§ **About this exercise**: Restate the records word for word. Include no pictures.

[[ Extracted records open ]]

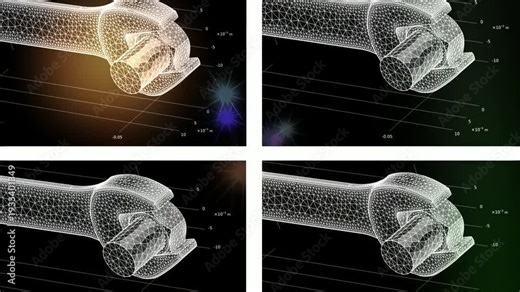 Video animation of computer technic 3d modeling of mechanical part - wrench and bolt model. Animated motion effect, screensaver. Technical cad drawing.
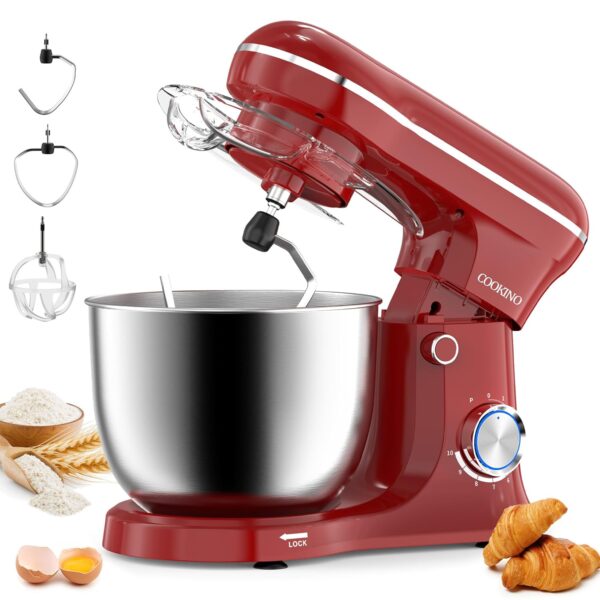 COOKINO Electric Stand Mixer, 660W and 10 Speed Levels, Tilting 3-in-1 Kitchen Mixer for Daily Chefs with 6 Litre Bowl, Dough Hook, Whisk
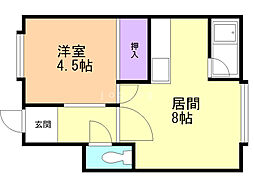 マイルーム8・5 1DKの間取図画像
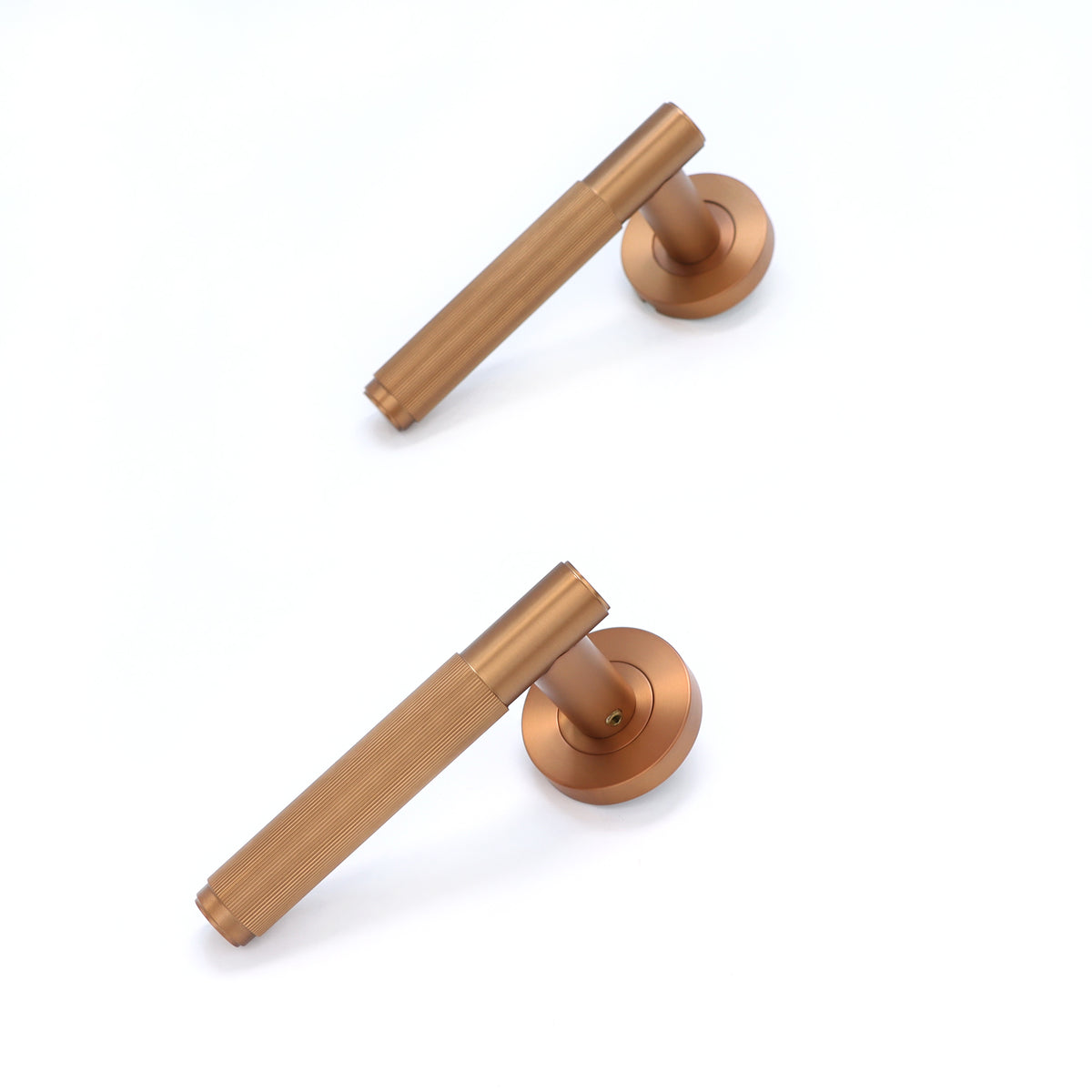 Fluted Lever on Round Rose Door Handle Set - Rose Gold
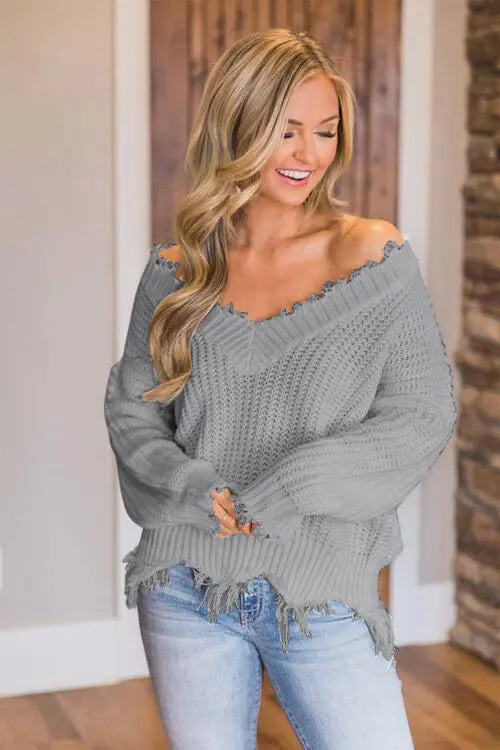 Frayed Hem Dropped Shoulder Sweater Trendsi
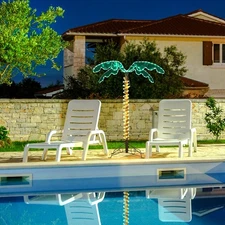 Lighted Coconut Tree 4FT 189 LED Artificial Tree for Outdoor Light up Fake Tree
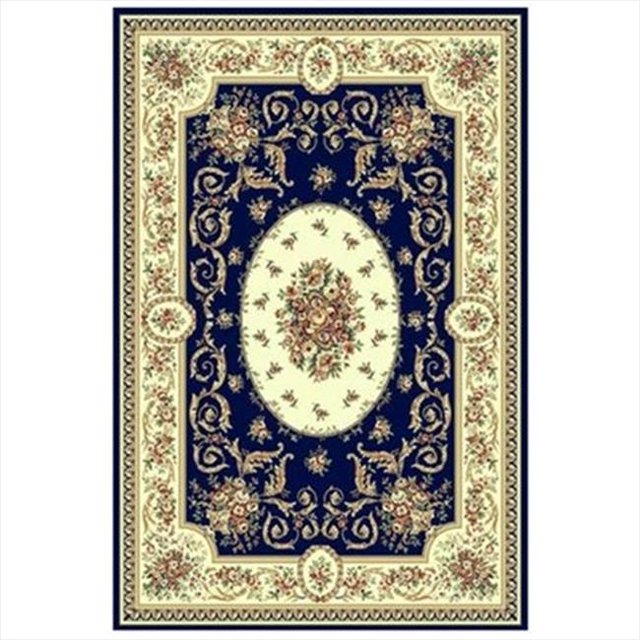 Rugs America 23781 5 ft. 3 in. x 7 ft. 10 in. Sorrento Medallion Navy Rectangular Area Rug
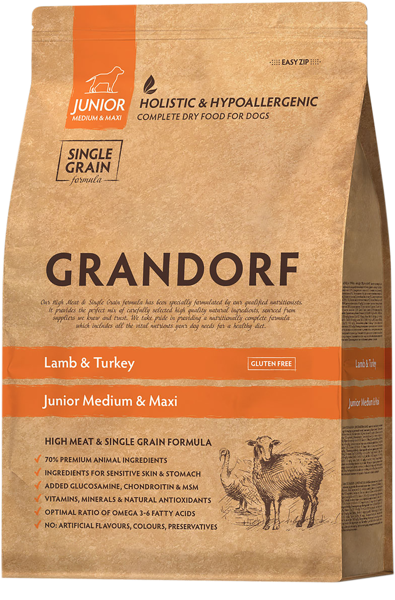 Изображение Корм для юниоров Грандорф ягненок индейка Юнайтед Петфуд м/у, 1 КГ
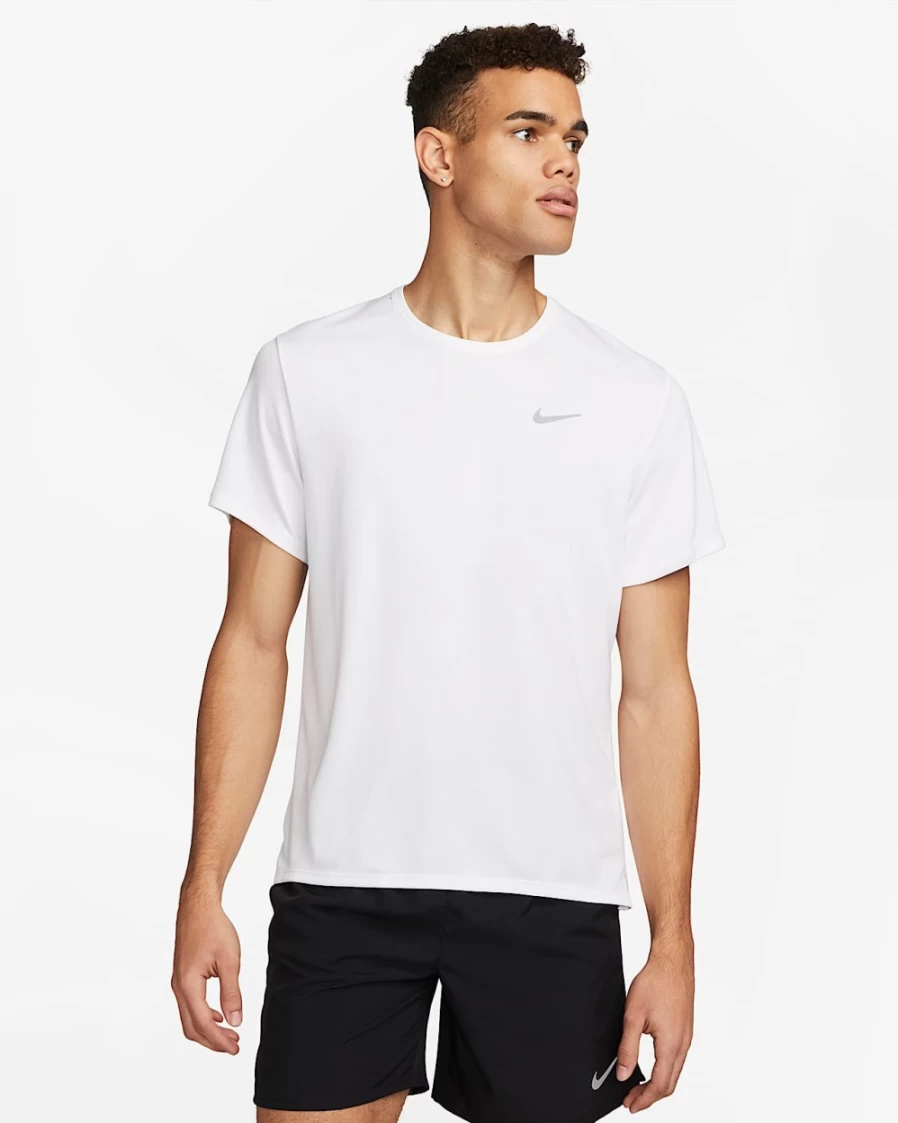Nike Dri-FIT UV Miler Men's White Short-Sleeve Running Shirt for Men - Moisture-Wicking & UV Protection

[[ Extracted records closed ]]

§ **Your response**:
 Video animation of computer technic 3d modeling of mechanical part - wrench and bolt model. Animated motion effect, screensaver. Technical cad drawing.
 COOKINO Electric Stand Mixer, 660W and 10 Speed Levels, Tilting 3-in-1 Kitchen Mixer for Daily Chefs with 6 Litre Bowl, Dough Hook, Whisk
 マイルーム8・5 1DKの間取図画像
 Fluted Lever on Round Rose Door Handle Set - Rose Gold
 Frayed Hem Dropped Shoulder Sweater Trendsi
 Lighted Coconut Tree 4FT 189 LED Artificial Tree for Outdoor Light up Fake Tree
 Rugs America 23781 5 ft. 3 in. x 7 ft. 10 in. Sorrento Medallion Navy Rectangular Area Rug
 Изображение Корм для юниоров Грандорф ягненок индейка Юнайтед Петфуд м/у, 1 КГ
Nike Dri-FIT UV Miler Men's White Short-Sleeve Running Shirt for Men - Moisture-Wicking & UV Protection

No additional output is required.